Task details -> In your copy, reproduce each entry exactly and include no picture.

[Collected data entries]
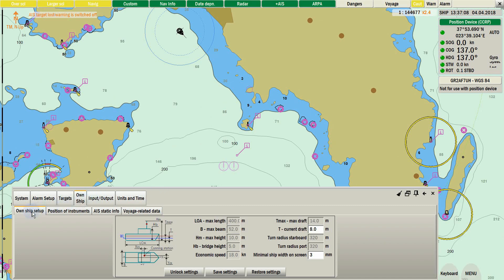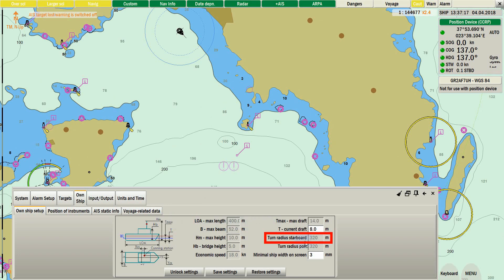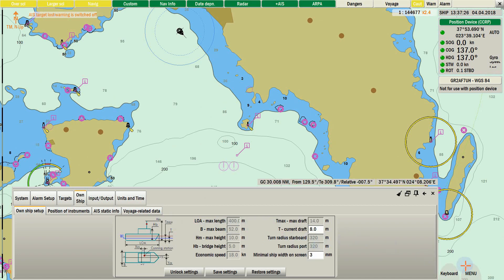When a turn in your route is calculated and found impossible according to the values stored in own ship setup, and start voyage for this route is pressed, a warning message will appear informing you which turn is impossible to make.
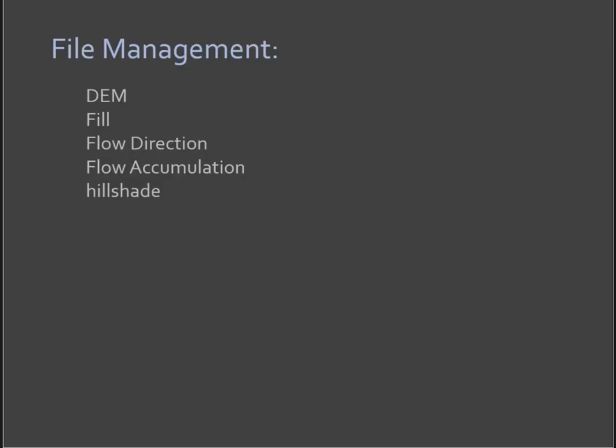Okay, now I want to go through some best practices when running watershed analysis tools or hydrology tools. Number one, you're going to create this unified set of outputs. You're going to have your DEM, a filled version of your DEM.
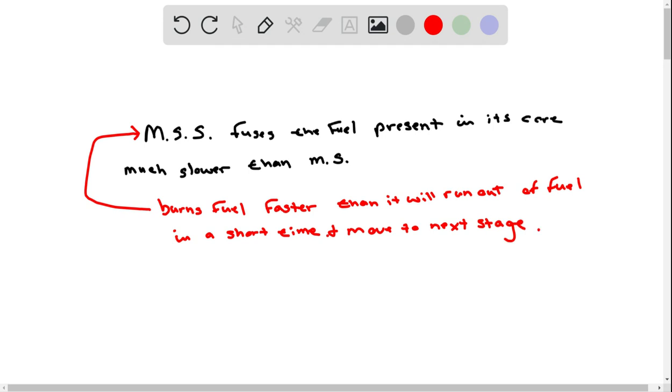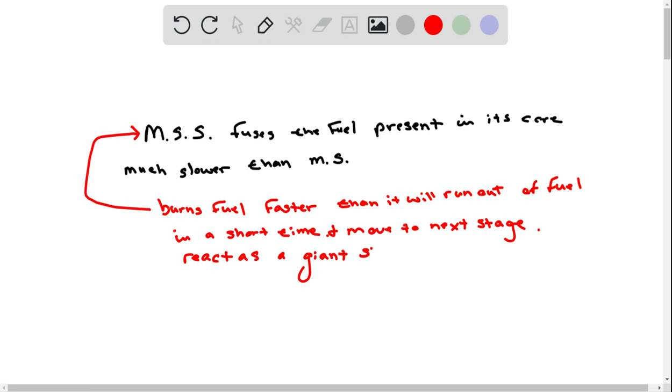So this star would react as a giant star because of expanding size.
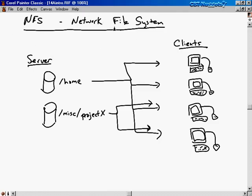NFS, or the network file system, allows directories or file systems to be shared across a local network. NFS can be set up on a more global network, but it really isn't secure enough for that. It works well and saves a lot of work for system administrators when set up on a local area network — one that's secure and shut off from the outside world.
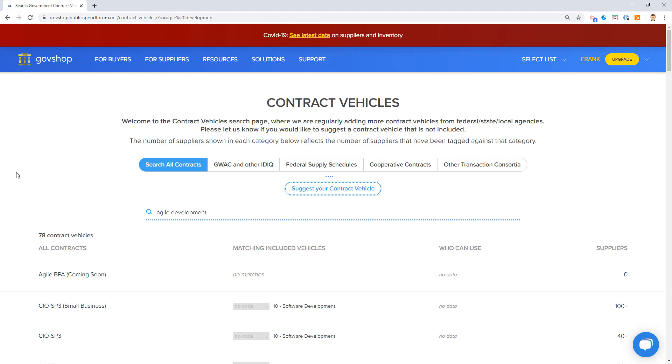We've got Federal Supply Schedules. Those are administered by the General Services Administration or the Veterans Affairs Administration or NASA also has the authority to run Federal Supply Schedules. We've got a category for cooperative contracts. Those are primarily state and local vehicles that other agencies can use in the state and local government sector. Some GSA schedules are also cooperative contracts, so we list that as well under the Who Can Use column in GovShop.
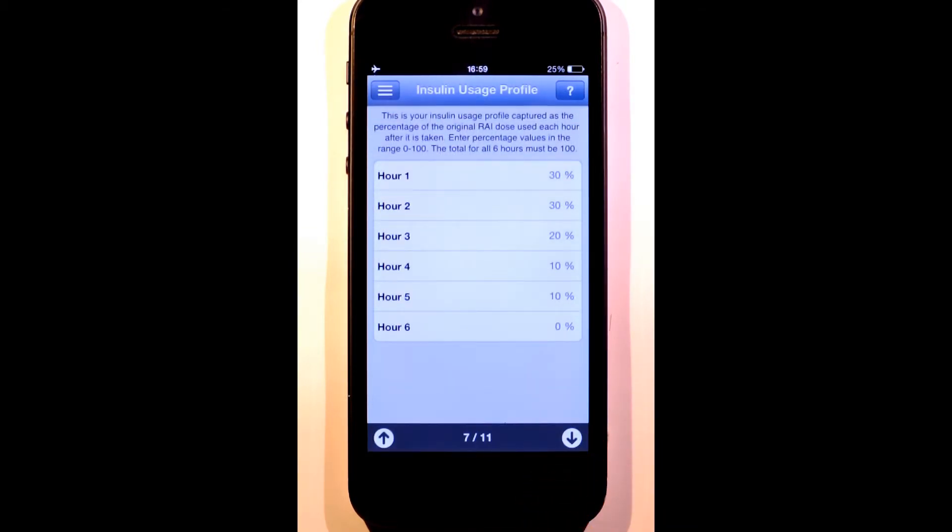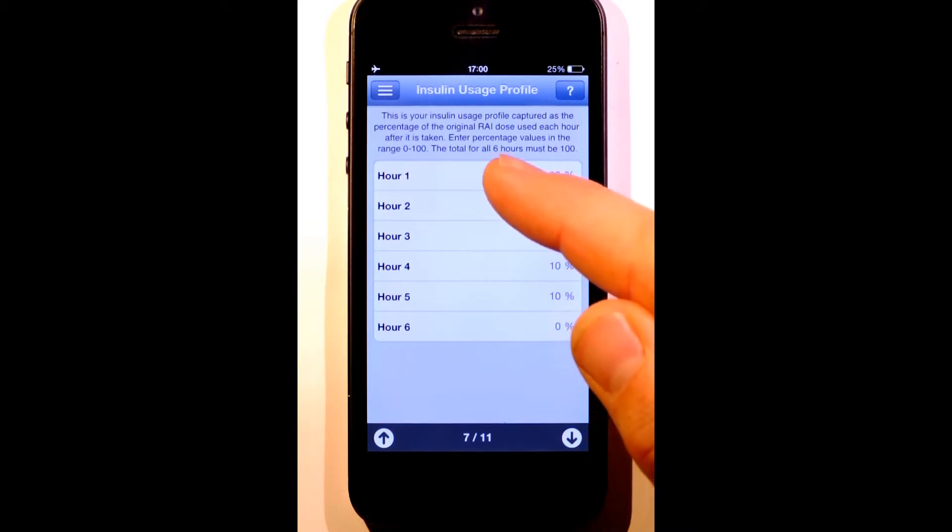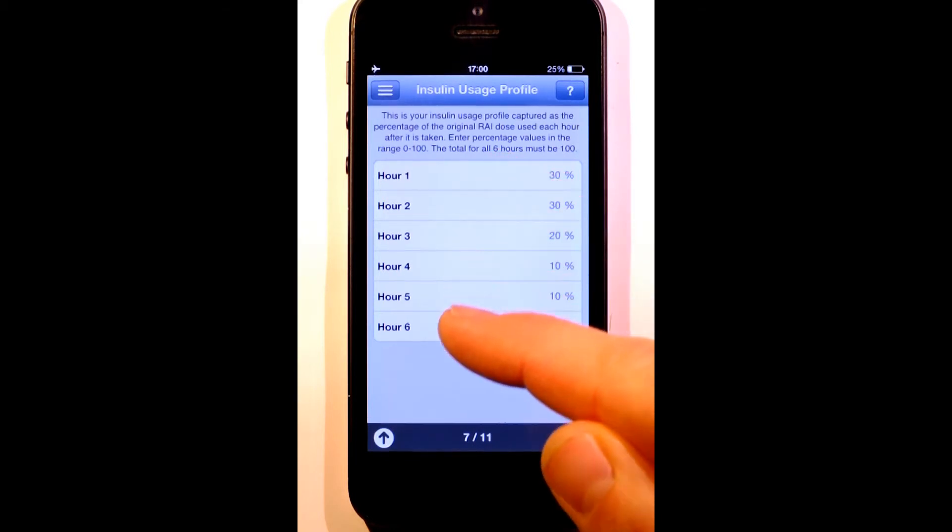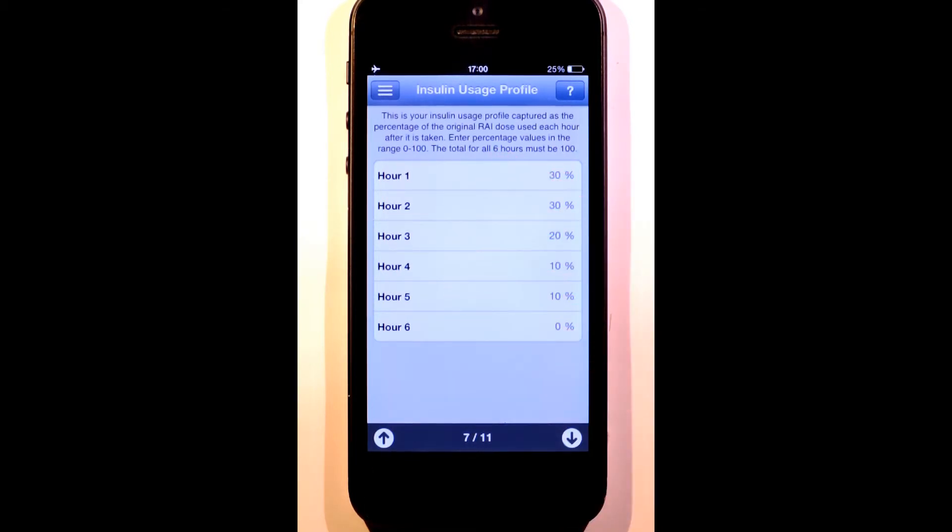The insulin usage profile is used by RapidCalc to work out how much insulin is still active in your system at any given point in time, commonly referred to as insulin on board. These 6 hours represent the 6 hours following a dose.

Task solution ->
When a turn in your route is calculated and found impossible according to the values stored in own ship setup, and start voyage for this route is pressed, a warning message will appear informing you which turn is impossible to make.
Okay, now I want to go through some best practices when running watershed analysis tools or hydrology tools. Number one, you're going to create this unified set of outputs. You're going to have your DEM, a filled version of your DEM.
So this star would react as a giant star because of expanding size.
NFS, or the network file system, allows directories or file systems to be shared across a local network. NFS can be set up on a more global network, but it really isn't secure enough for that. It works well and saves a lot of work for system administrators when set up on a local area network — one that's secure and shut off from the outside world.
We've got Federal Supply Schedules. Those are administered by the General Services Administration or the Veterans Affairs Administration or NASA also has the authority to run Federal Supply Schedules. We've got a category for cooperative contracts. Those are primarily state and local vehicles that other agencies can use in the state and local government sector. Some GSA schedules are also cooperative contracts, so we list that as well under the Who Can Use column in GovShop.
The insulin usage profile is used by RapidCalc to work out how much insulin is still active in your system at any given point in time, commonly referred to as insulin on board. These 6 hours represent the 6 hours following a dose.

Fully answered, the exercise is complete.